La captación de pacientes y requisitos clínicos para aprobar ramos se transforman en un verdadero dolor de cabeza. Es por ello que estudiantes de dicha carrera en la Universidad Pedro de Valdivia (UPV) sede La Serena sacaron la voz, denunciando diversas «injusticias» a las que están sujetos.

En primer lugar, aseguran que para aprobar cuarto y quinto año se les exige atender 50 pacientes anuales, los cuales en ocasiones no tienen la situación económica idónea para cancelar tratamientos o prótesis, por lo que tienen que costear los materiales, que no son baratos.

«La mayor tasa de reprobación es por temas clínicos, no teóricos.  En cuarto y quinto año piden la atención de 50 pacientes anuales. De sacar 48 ó 49 se reprueba el ramo, a pesar de tener nota 7 en teoría. Estos requisitos son recién para postular a la nota 4.0», aseguró Laura Romaniello, presidenta del centro de alumnos de Odontología en la UPV La Serena.
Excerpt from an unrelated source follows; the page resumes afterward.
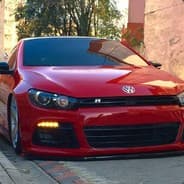 Scirocco r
A ello se suma la compra de insumos, los cuales no bajan de los dos millones y medio de pesos por año. «El promedio anual es entre dos millones y dos millones y medio de pesos. La universidad pasa cosas básicas como algodón o guantes, pero lo instrumental o materiales los costea uno. Además, el dinero solicitado a pacientes van destinados a los fondos de la universidad», agregó.

Clínica universitaria

Para el perfeccionamiento de sus aptitudes, los estudiantes cuentan con una clínica dental para la atención de pacientes, bajo la supervisión de docentes. Sin embargo, esta se encontraría en proceso de autorización por los organismos de salud, por lo que en la actualidad los alumnos atienden «clandestinamente».

«La clínica supuestamente está en proceso de autorización. Personalmente fui a la Seremía, donde me informaron que la clínica no está autorizada ni en proceso de ello. Ya salieron tres generaciones de Odontología de esta universidad, pero todavía estamos atendiendo pacientes de manera clandestina», comentó Romaniello.

Laura junto a su compañera Natalia Maulen se la juegan por mejoras definitivas, aunque aseguran que la respuesta de la casa de estudios deja que desear. «El jefe de carrera dijo que en todas las universidades ocurre lo mismo, si el paciente no tiene cómo cancelar, el alumno debe responder».

Las alumnas aún así, llaman a la comunidad a cooperar en su formación, atendiéndose con ellos en las dependencias de la universidad situadas en Avenida Cuatro Esquinas 060, La Serena.